Stereo Rectification

Like eyes, we can use a stereo camera to perceive distance (i.e. depth information) of objects in the scene 3D Viewer . This is done by matching pixels from the same point in two images captured by two cameras. As shown in the image below, if we know two pixels (two small yellow balls on the cyan plane) are from the same yellow ball in 3D world, we can easily find the intersection point of two yellow lines.

In [3]:

# Non-rectified stereo image
from IPython.display import Image
Image('../images/2021-01-09-stereo-rectification/non-rectify-stereo.png', width=300)
#

Out[3]:

Normally we need to search on a 2D plane to find the matching pixels. However, if we know the relative position and orientation of two cameras, this is actually reduced to be a search just in 1D. It is because the left yellow line (i.e. ray) which points from the left camera to the yellow ball is projected as a line in the right image. Thus, we only need to search on this line to find the matching pixel to the yellow pixel in the left image. This line is called the epipolar line. If you play with the 3D viewer, you will see that this epipolar line is not parallel to camera x-axis. Matching process will be much easier if we can make the epipolar line parallel to the camera x-axis so that the matching pixels are always at the same row in the images (as shown in the image below). This is called stereo rectification.

In [5]:

# Rectified stereo image
from IPython.display import Image
Image('../images/2021-01-09-stereo-rectification/rectify-stereo.png', width=300)
#

Out[5]:

The idea is actually quite simple. I am trying to set two virtual cameras by purely rotating both left and right cameras to generate two virtual image plane shown as blue. They are virtual because the pixels in the virtual images are sampled from original images.

In [7]:

# Show both images
from IPython.display import Image
Image('../images/2021-01-09-stereo-rectification/both-cameras.png', width=300)
#

Out[7]:

What are constraints that two virtual cameras have to satisfy? Firstly, there should be no relative orientation change between two cameras. Suppose originally the relative orientation is $R^l_r$, we can fix the left camera and rotate the right camera by ${R^l_r}^T$ to remove the relative orientation change.

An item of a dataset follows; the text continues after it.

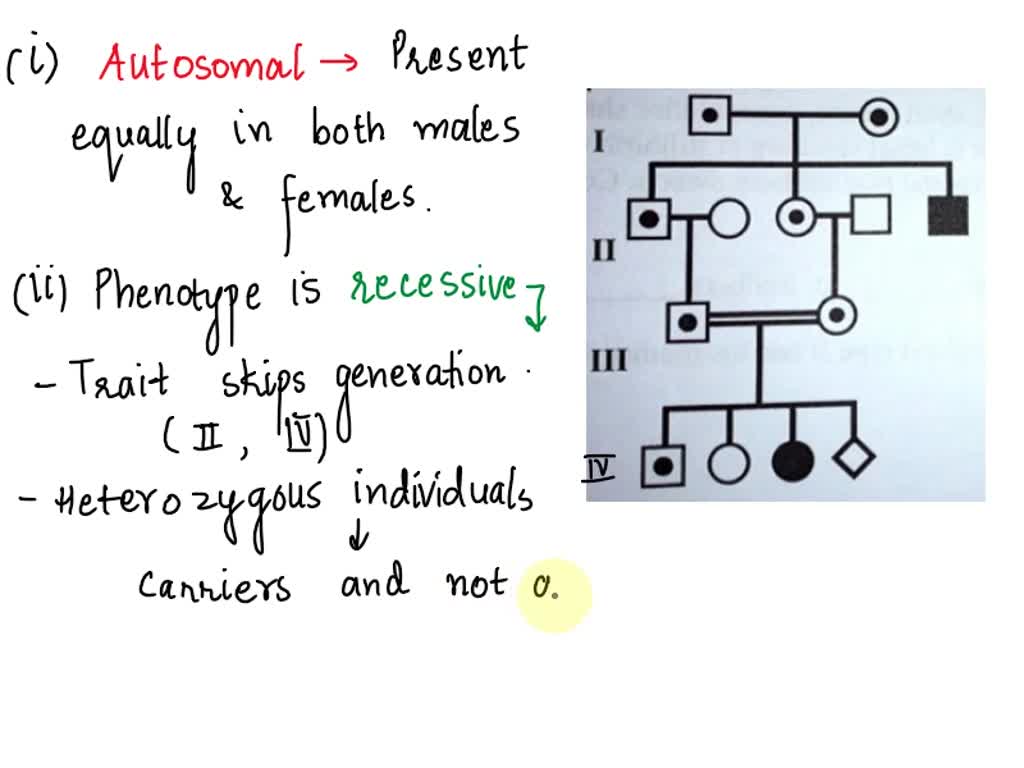 Solved Is The Trait Autosomal Or Sex Linked Is The Phenotype Dominant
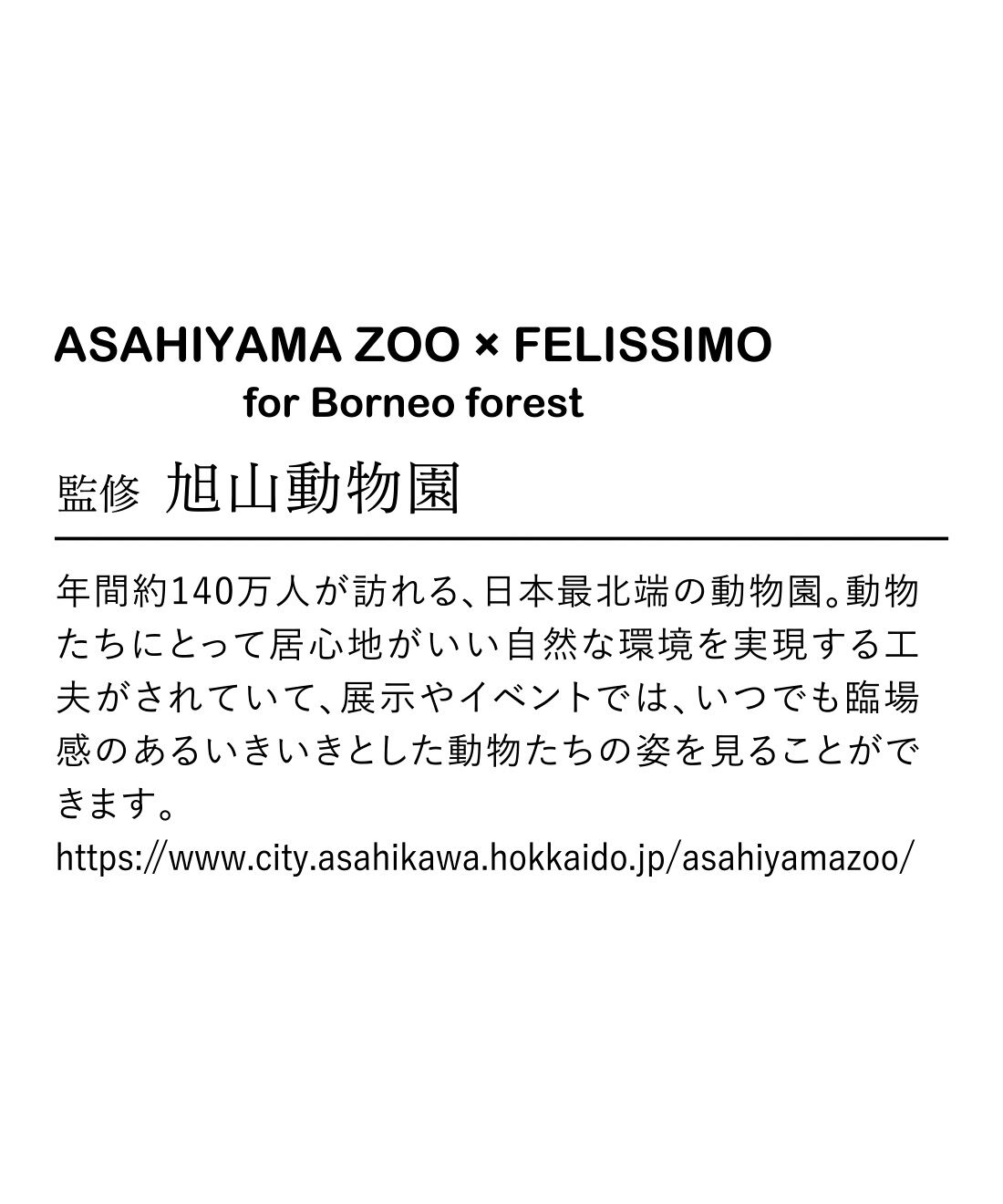 SeeMONO|旭山動物園・ボルネオの森応援商品 SeeMONO 土屋香子さんに教わる木彫りキットの会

Secondly, the yellow line connecting two cameras should be parallel to both blue images, normally parallel to the x-axis of the cameras.

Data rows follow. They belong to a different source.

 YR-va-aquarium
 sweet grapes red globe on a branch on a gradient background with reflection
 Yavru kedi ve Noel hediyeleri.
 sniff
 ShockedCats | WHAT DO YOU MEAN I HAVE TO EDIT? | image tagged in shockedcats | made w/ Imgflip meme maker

We need to find a $R^{rect}_l$ to rotate both cameras. Finally the left camera is rotated by $R^{rect}_l$ and the right camera is rotated by $R^{rect}_lR^l_r$. For getting pixels for the virtual image, you need the homography equations below ($H^1_2 = R^1_2$).

$$ \begin{bmatrix} x_1\\ y_l \\ z_1 \end{bmatrix} = R^1_2 \begin{bmatrix} x_2\\ y_2 \\ z_2 \end{bmatrix} $$$$ \begin{bmatrix} u_1\\ v_l \\ 1 \end{bmatrix} = R^1_2 \begin{bmatrix} u_2\\ v_2 \\ 1 \end{bmatrix} $$

How does stereo rectification work when two cameras are mounted on top of each other not side by side? If you let the yellow line (displacement vector of two cameras) to be parallel to x-axes of the cameras , you will see virtual cameras rotate exactly 90 degrees when we actually already have a perfect setup of the stereo camera. The consequence is that you will see the world in virtual images are rotated 90 degrees as well. Here comes a quiz question: what can we change to make the images not rotated (hint: epipolar lines should be parallel to y-axes of the cameras)?

In [8]:

# Show both images
from IPython.display import Image
Image('../images/2021-01-09-stereo-rectification/v-cameras.png', width=300)
#

Out[8]:

In [29]:

# Stereo rectification
import k3d
import k3d.platonic as platonic
import math
import numpy as np
from matplotlib.tri import Triangulation

plot = k3d.plot(camera_auto_fit=True, time=0.1)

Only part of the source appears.